Abdullah Khan, a senior security analyst, said: “What you sow, so shall you reap.”
He said Peshawar – once known as the “city of flowers” – was a peaceful place until the early 1980s when Pakistan’s then-dictator Ziaul Haq decided to become part of Washington’s cold war with Moscow, joining the fight against the 1979 Soviet invasion of Afghanistan.
Peshawar – less than 20 miles from the Afghan border – became the centre where the American CIA and Pakistani military helped train, arm and fund the Afghan mujahedeen fighting the Soviets.
The city was flooded by weapons and fighters, many of them hard-line Islamic militants, as well as with hundreds of thousands of Afghan refugees.
Arab militants were also drawn there by the fight against the Soviets, including the scion of a wealthy Saudi family, Osama bin Laden.
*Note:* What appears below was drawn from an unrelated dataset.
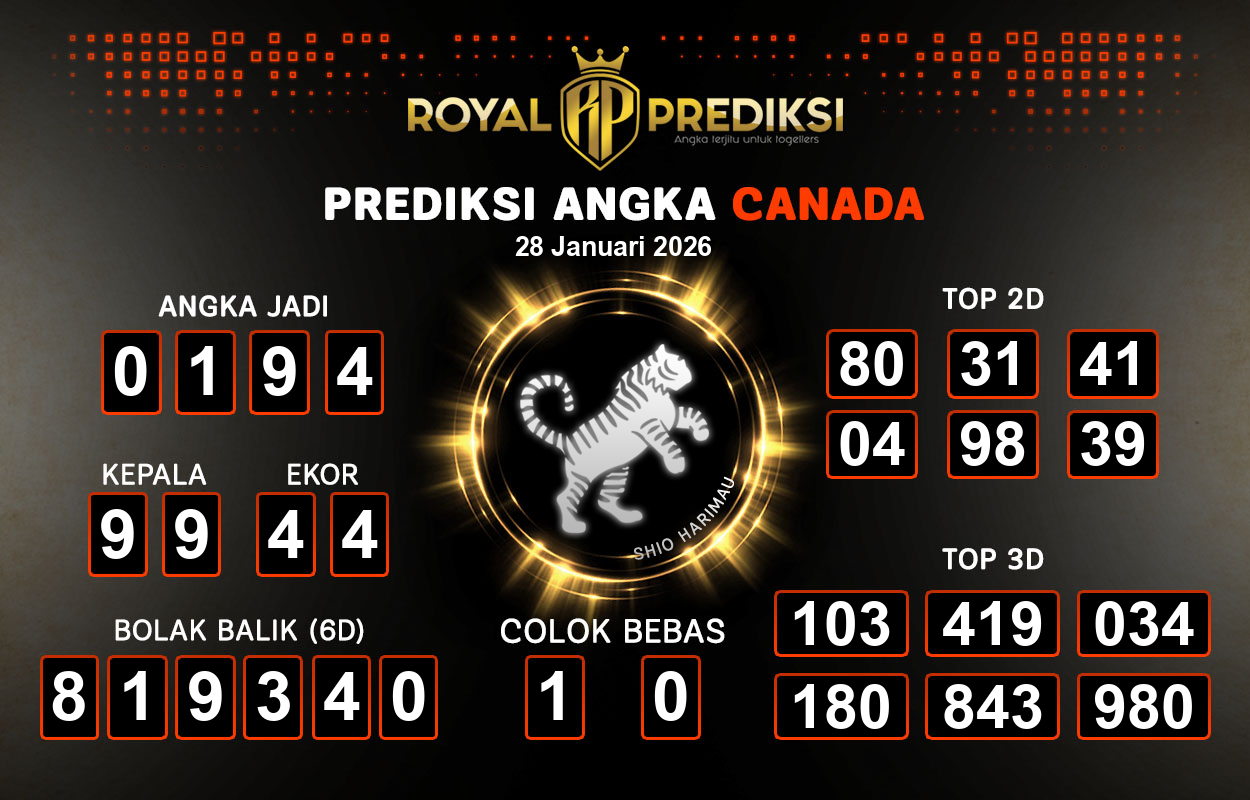 Prediksi-CANADA-28-Januari-2026-Hari-Rabu.png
It was in Peshawar that bin Laden founded al-Qaida in the late 1980s, joining forces with veteran Egyptian militant Ayman al-Zawahri.
The Soviets finally withdrew in defeat from Afghanistan in 1989. But the legacy of militancy and armed resistance that the US and Pakistan fuelled against them remained.
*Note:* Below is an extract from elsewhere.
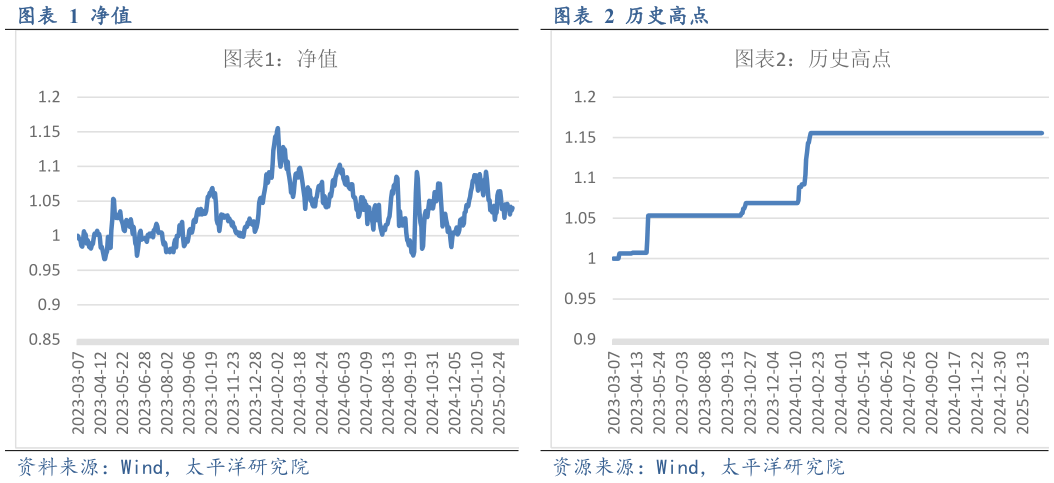 如何了解历史高点 历史高点 净值 净值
Mahmood Shah, a former Pakistani army brigadier and a senior security analyst, said: “After the Russian withdrawal from Afghanistan in 1980s, Americans abandoned mujahedeen, Americans even abandoned us, and since then, we are paying a price for it.”
The mujahedeen plunged Afghanistan into civil war in a bloody fight for power. Meanwhile, in Peshawar and another Pakistani city, Quetta, the Afghan Taliban began to organise, with backing from the Pakistani government.
Eventually, the Taliban took power in Afghanistan in the late 1990s, ruling until they were ousted by the 2001 American-led invasion following al-Qaida’s 9/11 attacks in the US.
During the near 20-year US war against the Taliban insurgency in Afghanistan, militant groups blossomed in the tribal regions of Pakistan along the border and around Peshawar. Like the Taliban, they found root among the ethnic Pashtuns who make up a majority in the region and in the city of two million people.
Some groups were encouraged by the Pakistani intelligence agencies. But others turned their guns against the government, angered by heavy security crackdowns and by frequent US air strikes in the border region targeting al-Qaida and other militants.
Chief among the anti-government groups was the Pakistani Taliban, or Tahreek-e Taliban-Pakistani (TTP).
In the late 2000s and early 2010s, it waged a brutal campaign of violence around the country. Peshawar was scene of one of the bloodiest TTP attacks in 2014, on an army-run public school that killed nearly 150 people, most of them schoolboys.
Peshawar’s location has for centuries made it a key juncture between Central Asia and the Indian subcontinent. One of the oldest cities in Asia, it stands at the entrance to the Khyber Pass, the main route between the two regions.
That was a source of its prosperity in trade and put it on the path of armies going both directions, from Moghul emperors to British imperialists.
A heavy military offensive largely put down the TTP for several years and the government and the militants eventually reached an uneasy truce. Peshawar came under heavy security control, with checkpoints dotting the main roads, and a heavy presence of police and paramilitary troops.
TTP attacks, however, have grown once more since the Afghan Taliban returned to power in Kabul in August 2021 amid the US and Nato withdrawal from that country.
The Pakistani Taliban are distinct from but allied to the Afghan group, and Pakistani officials regularly accuse the Afghan Taliban of giving the TTP free rein to operate from Afghan territory.
On Wednesday, several police officers joined a peace march organised by the members of civil society groups in Peshawar, denouncing militant attacks and demanding peace in the country. Police said they have made some arrests in connection with Monday’s mosque bombing, but released few details.
Ahead of Monday’s suicide bombing, Peshawar had seen increasing small-scale attacks targeting police. In another spillover from Afghanistan’s conflict, the regional affiliate of the Islamic State group attacked Peshawar’s main Shia mosque in March 2022, killing more than 60 people.
Mr Shah, the former officer, warned that more TTP attacks could follow and said that Pakistan needs to engage the Afghan Taliban and pressure them to either evict the TTP or ensure it does not launch attacks from Afghan territory.
“If we are to have peace in Pakistan, we should talk to TTP from the position of strength with help from the Afghan Taliban,” he said. “This is the best and viable solution to avoid more violence.”